Eski bildiklerinden bu defa da şaşamamış, oylarını götürüp yine AK Parti ve Tayyip Erdoğan‘dan yana kullanmışlar.
Konuşmalarından, bu kararı vermelerinde, CHP’nin seçim öncesinde gördüğü ilgiden etkilendikleri sonucunu çıkardım.
Şaşırmayın. Buna göre, Muharrem İnce‘nin kendini ‘farklı bir CHP’li’ olarak tanıttığı kampanya sırasında CHP mitinglerinin gördüğü alışılmadık ilgi, hem kendisine hem de partisine iyi gelmemiş görünüyor.
“CHP iktidara geliyor” endişesiyle AK Parti’ye ders vermekten vazgeçmiş olabilir pek çok kişi…

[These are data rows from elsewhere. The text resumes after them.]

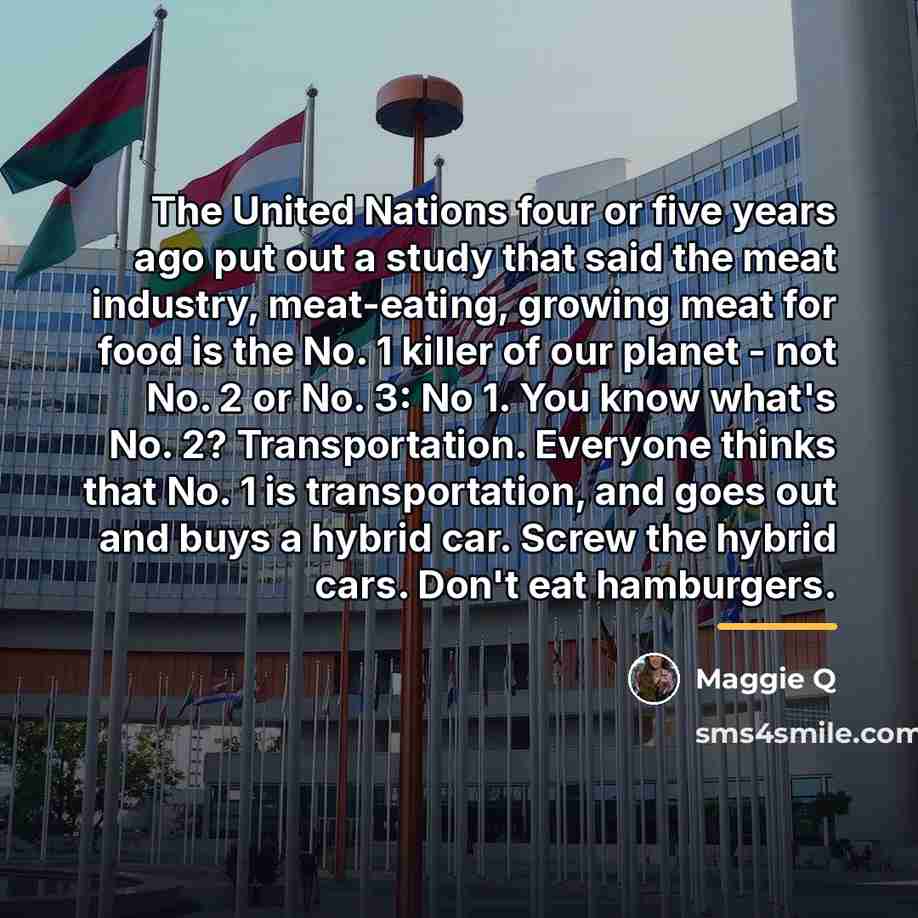 “The United Nations four or five years ago put out…” quote by Maggie Q
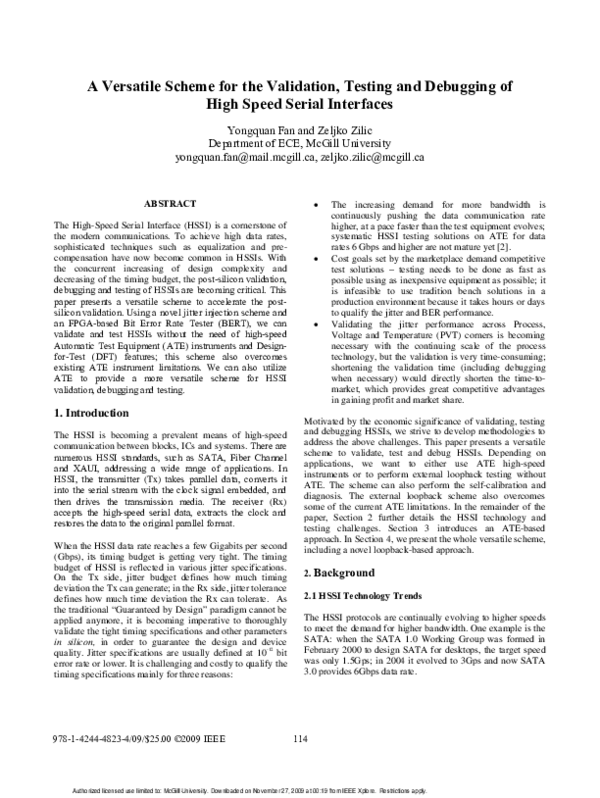 (PDF) A versatile scheme for the validation, testing and debugging of ...
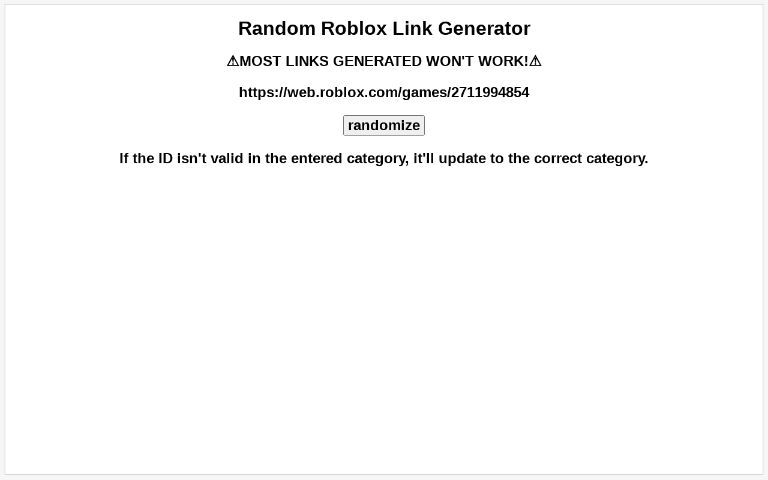 Random Roblox Link Generator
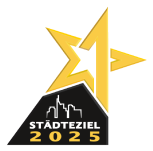 Städtereisen.com logo Gelber Stern mit Schriftzug Städteziel 2025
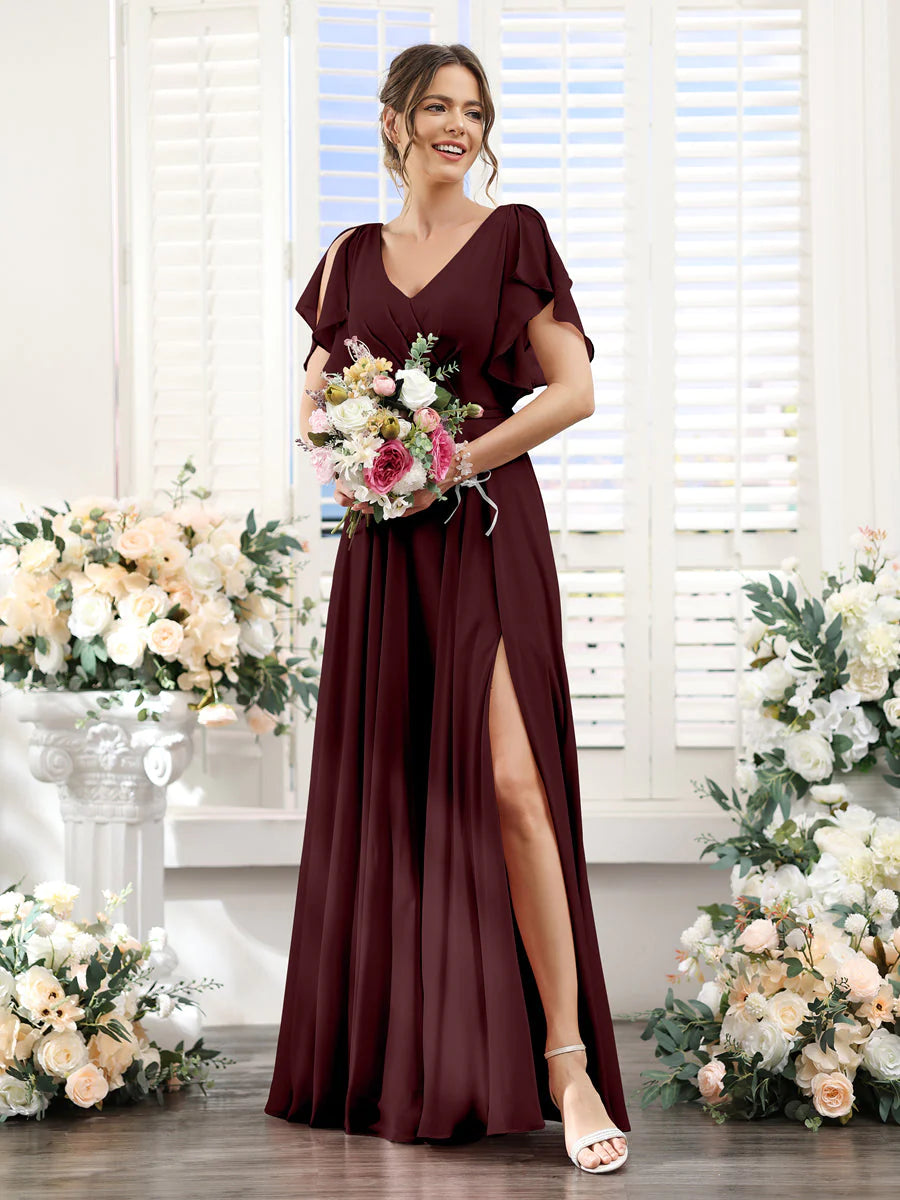 Wholesa A-Line V-Neck Short Sleeves Split Side Floor-Length Chiffon Bridesmaid Dresses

Aslına bakarsanız, seçimin ikinci tura kalması halinde Muharrem İnce‘nin kazanabileceğini düşündüğünü belli edenlere, “AK Parti’ye oy veren muhafazakar seçmenlerin eli, hiç değilse büyük çoğunluğu için bunu söylüyorum, CHP’li birine oy vermeye gitmez” uyarısında bulunmuştum.
Muhafazakar sıfatını hak eden seçmenler üzerinde kısaca ‘CHP sendromu’ diye adlandırılabilecek bir ruh halinin büyük etkisi vardır. Tek parti dönemi, çok partili dönemlerde CHP’nin pek çok hassas konuda aldığı tavırlar ve CHP’li bilinen bazı tiplerin her dönemeçte ağızlarından çıkarak kayıtlara geçmiş yakışıksız sözler hemen akıllara gelir.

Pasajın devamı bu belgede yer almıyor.